Confuso, vi a ambulância chegar. Minha esposa desceu do carro de meu irmão e correu de encontro ao corpo já coberto por aquele cínico pano branco que a cobria. Ela estava aos gritos, inconsolável e agressiva. Amaldiçoava Deus e a mim, e a toda sua vida. Ela simplesmente desistiu de viver.
Abruptamente senti-me puxado por uma força maior, como se um imã me fisgasse e quando percebi estava sendo arrastado por essa mesma força na direção de meu corpo. Foi quando ela se levantou e veio na direção da maca que seguia para ambulância. Um médico tentava a todo custo me reanimar. Ela então segurou minha mão e gritou:
- Você não vai morrer, eu não posso perder vocês dois! Não me deixe sozinha agora! - Foi aí que eu apaguei, me vi cercado por uma escuridão tremenda. Horas ouvindo vozes, sem enxergar nada, como se estivesse preso num cofre escuro. Trancafiado com meus maiores anseios.
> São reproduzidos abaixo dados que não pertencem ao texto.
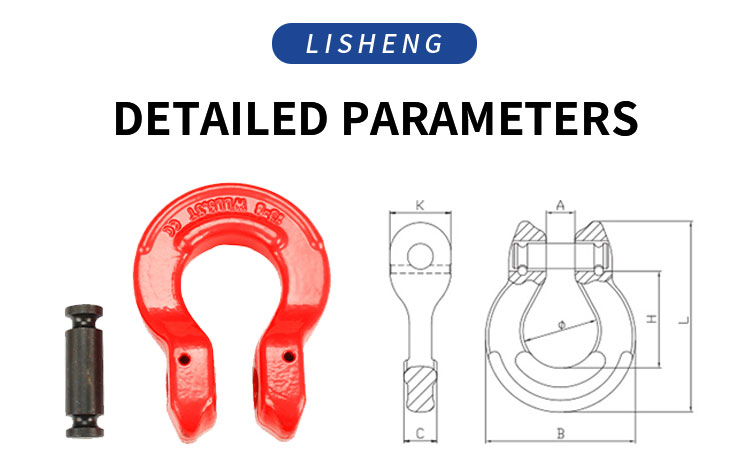 High Tensile Forged Alloy G80 Lifting Chain Omega Link leverandør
As horas se tornaram dias, os dias meses, até que no sétimo mês a luz venceu a escuridão e eu vi a luz, a luz dos olhos apagados de minha esposa que se abrilhantaram ao ver os meus piscando em câmera lenta. Ela sorriu para mim, me abraçou e disse:
- Seja bem vindo meu amor. – Olhei-a e meus olhos se encheram de lágrimas mais uma vez. Ela estava sentada, usava um vestido longo, estava linda, divina, estava grávida. Sem forças para falar apenas a ouvi dizer. – Um mês depois eu descobri que tinha engravidado, é uma menina, amor. O nome dela será Angélica, pois decerto ela deve ser um anjo.
Daquele dia em diante nunca mais falamos naquele amaldiçoado dia, aquele terrível dia sangrento.
Fim!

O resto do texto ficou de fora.